A few months later, Iverson and Mutombo went on to the NBA Finals together. A rookie at 25, the center was already 34 at this point, but his career’s final act proved longer than anyone could’ve expected. With the New Jersey Nets, New York Knicks, and then especially the Houston Rockets, he kept deterring scorers for eight more years. When he finally retired he was 42, the sixth oldest player the league’s ever had. He was ready to go, but only a year before, at 41, he wasn’t—Mutombo played 16 minutes per game for a Rockets team that set a modern record for winning with a 22-game streak. Mutombo was injured for about half of that run, but in the ten games he was healthy for, he played 19 minutes a night and averaged seven rounds and two blocks; a downright comical level of enduring impact.
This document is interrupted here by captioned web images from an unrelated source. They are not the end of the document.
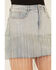 Image #2 - Blue B Women's Light Wash Fringe Mini Denim Skirt, Light Wash, hi-res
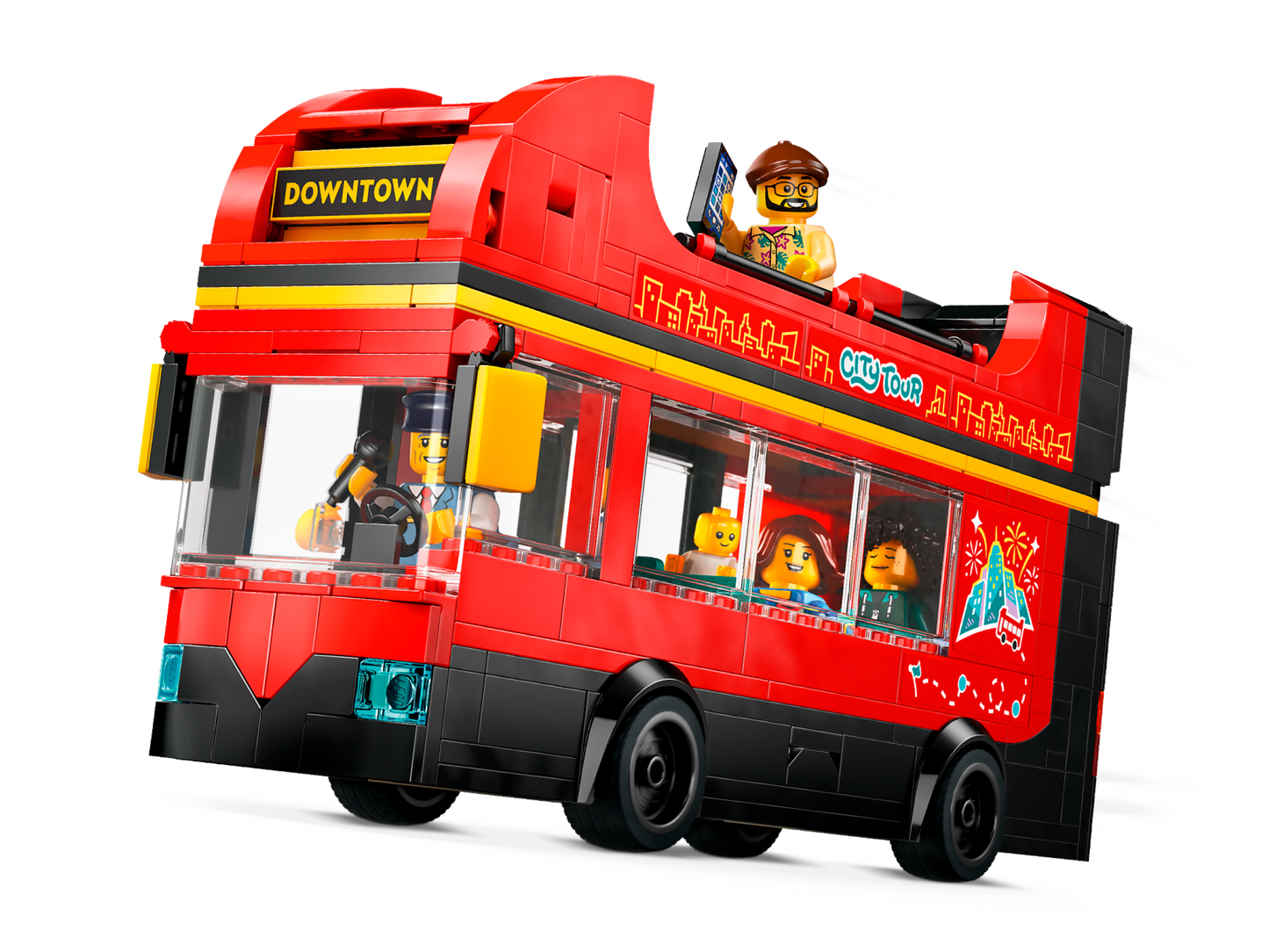 LEGO 60407 Autobus turistico rosso a due piani
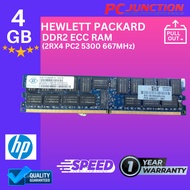 SERVER RAM 4GB DDR2  (4GB PC2 ECC), ( 2Rx4 PC2 5300 667MHz )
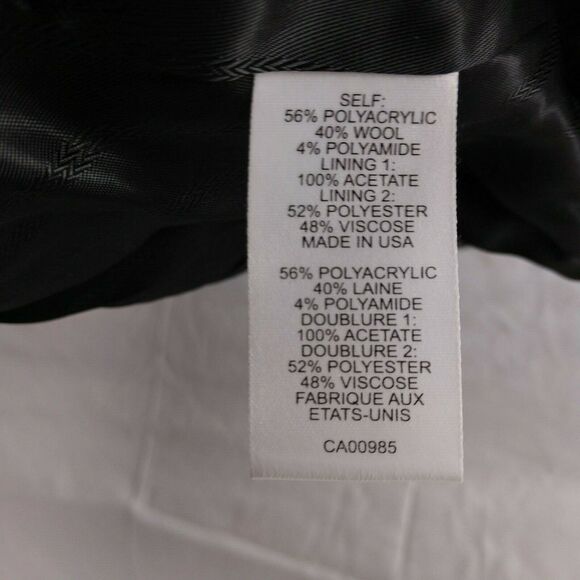 Vintage Nanette Lepore Boucle Tweed Blazer Size XS Acrylic Wool 90s Does 40s - Picture 9 of 10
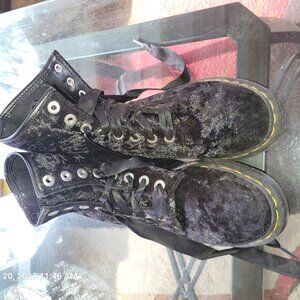 Velvet doc martens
Off the floor, in the 15 years between the end of his career and his tragic death this week, Mutombo remained impossible to forget. This was, in part, because he popularized one of the most enjoyable, hilarious, and addictive bodily gestures that popular culture has seen in my lifetime: the finger wag. Thousands of times, Dikembe sent an opponent’s shot in the other direction, and had chance to look them in the eyes, and shake his machete-like digit at them disapprovingly. Equal parts camp and menace, it proved too fun, costing him a lot of money in fines, and standing today as a quick but irresistible means of collecting a technical foul.
In 2013, Mutombo was re-born for a new generation when he starred in a commercial that was—whatever you may think of the art form that is 30-second product awareness blasts—iconic. In it, he hollered delightedly with his authentically deep, croaking vocal chords as he brought his shot-blocking prowess to everyday activities: throwing paper away, doing the laundry, paying a toll, shopping for cereal. He rejected all these basic tasks, and shook his finger at normal folks attempting them. Two years later, he was immortalized further when Kanye West, in one of his trademark explorations of the 21st century id, said “middle finger longer than Dikembe”—an expression of an almost unimaginable defiance.
The longest section in Mutombo’s biography, though, details his existence as a citizen. A committed philanthropist, he spent something like a quarter of his career earnings to build schools and hospitals in his native central African country. No one man, not even a man they correctly call a mountain, can make up for all the geopolitical ills that the Democratic Republic of the Congo has been subject to. That didn't stop Dikembe from trying. Both rich with gravitas and light-hearted and as can be, we will be lucky if the sport ever gives us another man so magnanimous and admirable.